Prima che sia troppo tardi, occorre affrettarsi ad usare abilmente il denaro di cui si dispone: donarlo ai poveri, che potranno esserci utili quando il denaro non avrà più alcun valore, quando si dovrà lasciare questo mondo. Il denaro che accumuliamo per noi stessi porta sfortuna: è una “disonesta ricchezza”; dato ai poveri, può diventare pegno di felicità nelle dimore eterne.
“Chi è fedele nel poco, è fedele anche nel molto; e chi è disonesto nel poco, è disonesto anche nel molto…” (vv. 10-12). L’unica maniera avveduta e onesta di usare dei beni a noi affidati, e che non possiamo ritenere nostri in esclusiva, è quella di farne approfittare i poveri in vista dei quali Dio ha messo questi beni a nostra disposizione. Dunque, Gesù ci invita a dar prova di scaltrezza nell’uso dei beni terreni che Dio ha messo nelle nostre mani, condividendoli con i poveri, i quali ci accoglieranno nelle dimore eterne.
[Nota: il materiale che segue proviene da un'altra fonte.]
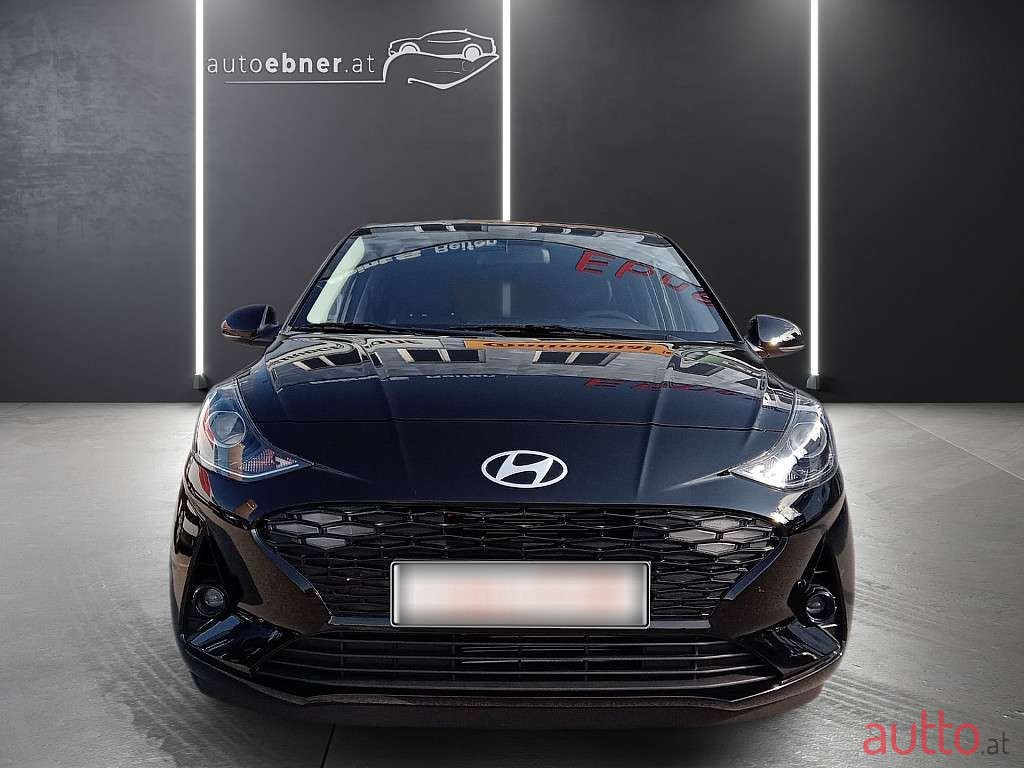 2023' Hyundai i10 photo #2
“Non potete servire Dio e Mammona” (v. 13). Questa affermazione di Gesù dichiara incompatibile il servizio di Dio e quello di “mammona”. Questo “mammona” è il nome del Denaro deificato, del quale gli adoratori idolatri fanno un concorrente del vero Dio. E’ facile vedere dove sfoci questa istruzione sull’uso del denaro. I cristiani che ne dispongono l’hanno ricevuto unicamente per dividerlo con quanti ne sono privati. Attaccarsi ad esso significa farne un idolo e attentare al diritto esclusivo di Dio. La nostra libertà non ha peggior nemico del denaro, questo “mammona” che vorrebbe strapparci a Dio per tenerci in suo potere. Tra Dio e lui, nessuna possibilità di compromesso.
Bibliografia consultata: Dupont, 1975.